• How to complete this task:
Your answer must be an exact transcription of the lines from the line with "Skiltholder logo Honda" through the final line of the data.

Provided data Block Start

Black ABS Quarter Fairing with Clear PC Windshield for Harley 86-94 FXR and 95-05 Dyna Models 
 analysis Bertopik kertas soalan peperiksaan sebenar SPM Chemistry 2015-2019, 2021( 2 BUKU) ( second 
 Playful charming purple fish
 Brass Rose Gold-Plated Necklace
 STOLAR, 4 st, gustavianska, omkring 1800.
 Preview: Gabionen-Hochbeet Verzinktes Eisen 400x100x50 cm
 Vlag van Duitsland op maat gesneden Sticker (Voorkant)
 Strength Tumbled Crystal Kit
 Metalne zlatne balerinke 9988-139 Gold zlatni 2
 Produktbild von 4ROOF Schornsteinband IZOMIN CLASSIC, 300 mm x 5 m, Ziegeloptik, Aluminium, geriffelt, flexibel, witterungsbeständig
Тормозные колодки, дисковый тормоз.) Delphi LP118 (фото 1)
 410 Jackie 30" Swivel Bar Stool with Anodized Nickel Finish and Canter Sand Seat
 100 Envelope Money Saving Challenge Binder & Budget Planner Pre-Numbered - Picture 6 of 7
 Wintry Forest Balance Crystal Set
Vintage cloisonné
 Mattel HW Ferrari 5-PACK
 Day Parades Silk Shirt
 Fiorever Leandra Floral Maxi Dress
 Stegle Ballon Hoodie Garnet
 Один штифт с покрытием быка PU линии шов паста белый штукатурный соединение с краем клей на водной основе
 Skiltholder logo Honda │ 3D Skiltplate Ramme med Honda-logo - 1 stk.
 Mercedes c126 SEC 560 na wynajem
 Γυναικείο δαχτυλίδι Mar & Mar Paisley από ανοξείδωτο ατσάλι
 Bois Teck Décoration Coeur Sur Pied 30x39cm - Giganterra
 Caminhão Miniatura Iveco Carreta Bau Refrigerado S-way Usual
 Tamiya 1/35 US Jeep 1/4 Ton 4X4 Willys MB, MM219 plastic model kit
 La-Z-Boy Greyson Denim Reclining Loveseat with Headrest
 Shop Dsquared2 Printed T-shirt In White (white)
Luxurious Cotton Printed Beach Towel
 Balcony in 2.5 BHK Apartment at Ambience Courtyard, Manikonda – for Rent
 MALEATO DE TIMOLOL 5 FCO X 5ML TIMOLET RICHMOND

Provided data Block End

• Task output:
 Skiltholder logo Honda │ 3D Skiltplate Ramme med Honda-logo - 1 stk.
 Mercedes c126 SEC 560 na wynajem
 Γυναικείο δαχτυλίδι Mar & Mar Paisley από ανοξείδωτο ατσάλι
 Bois Teck Décoration Coeur Sur Pied 30x39cm - Giganterra
 Caminhão Miniatura Iveco Carreta Bau Refrigerado S-way Usual
 Tamiya 1/35 US Jeep 1/4 Ton 4X4 Willys MB, MM219 plastic model kit
 La-Z-Boy Greyson Denim Reclining Loveseat with Headrest
 Shop Dsquared2 Printed T-shirt In White (white)
Luxurious Cotton Printed Beach Towel
 Balcony in 2.5 BHK Apartment at Ambience Courtyard, Manikonda – for Rent
 MALEATO DE TIMOLOL 5 FCO X 5ML TIMOLET RICHMOND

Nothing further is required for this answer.